By testing bits of iron at the temperature of the sun, Sandia National Laboratories physicist Jim Bailey and his team have provided key data to improve the Standard Solar Model, widely used by astrophysicists to help model the behavior of stars.
For this work, Bailey will receive the American Physical Society’s annual John Dawson Award for excellence in plasma physics research.
Sandia National Laboratories physicist Jim Bailey inspects a wire array at Sandia’s Z machine that will heat foam to roughly 4 million degrees until it emits a burst of X-rays that heats a foil target to the interior conditions of the sun. (Photo by Randy Montoya) Click on the thumbnail for a high-resolution image.
“I am thrilled to receive the 2016 APS Dawson Award,” said Bailey. “I worked on this project for more than a decade and it is an extraordinary feeling to know that my peers believe it was time well spent. It is an honor not only for me, but also for my multi-institutional team and the Pulsed Power Sciences Center at Sandia.”
He adds that “the achievement was clearly enabled by my talented Sandia teammates: Greg Rochau, Taisuke Nagayama, Guillaume Loisel and Stephanie Hansen. We benefited from consistently supportive management and the opportunity to perform experiments with the Sandia Z facility, one of the world’s pre-eminent scientific instruments.”

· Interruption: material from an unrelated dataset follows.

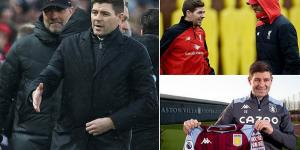 Steven Gerrard lifts the lid on Jurgen Klopp's pep talk before he opened the door for the Liverpool legend to start his career in management... but the Aston Villa boss insists he does NOT have a plan to replace him at Anfield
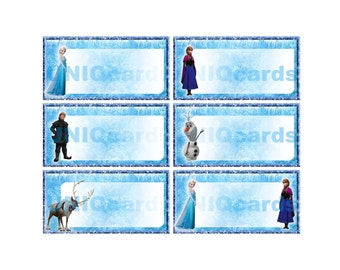 Frozen Favor Tag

Bailey’s exacting work measured iron’s capacity to hinder the migration of energy originating deep in the sun’s interior. Bailey and his team were able to determine that iron can absorb much more X-ray radiation near the edge of the sun’s radiative zone than formerly surmised. The new, experimentally derived figures provided a dose of reality to the models of theoreticians.
“The exquisite measurements made by Jim and his colleagues have triggered enormous interest in the stellar and high energy density physics communities,” said Keith Matzen, director of Sandia’s Pulsed Power center. “These results, from data collected over years, show the growing importance of pulsed power as an experimental platform to study laboratory astrophysics.”
Mike Campbell, deputy director at the Laboratory for Laser Energetics at the University of Rochester, said that while previous Dawson awards for this field have gone to laser research, the 2016 award is the first for a pulsed power machine like Z.
The society said the award was made “for extraordinarily thorough laboratory opacity measurements of plasmas at realistic stellar interior conditions that directly resolve outstanding questions about solar structure, identify new theoretical challenges and propel a new generation of precision high energy density experiments of direct astrophysical relevance.”
The award is named for John Dawson, who was among the first to realize that computers had become powerful enough to model clouds of particles that formerly had been solely the object of laboratory experiments. The simulation method has since spread to many areas of science and technology and is usually considered on an equal footing with experimental and theoretical techniques. However, the three techniques work best when used to check each other, as Bailey’s work demonstrates.
Bailey will receive the award at the APS Division of Plasma Physics meeting in San Jose, California, Oct. 31-Nov. 4.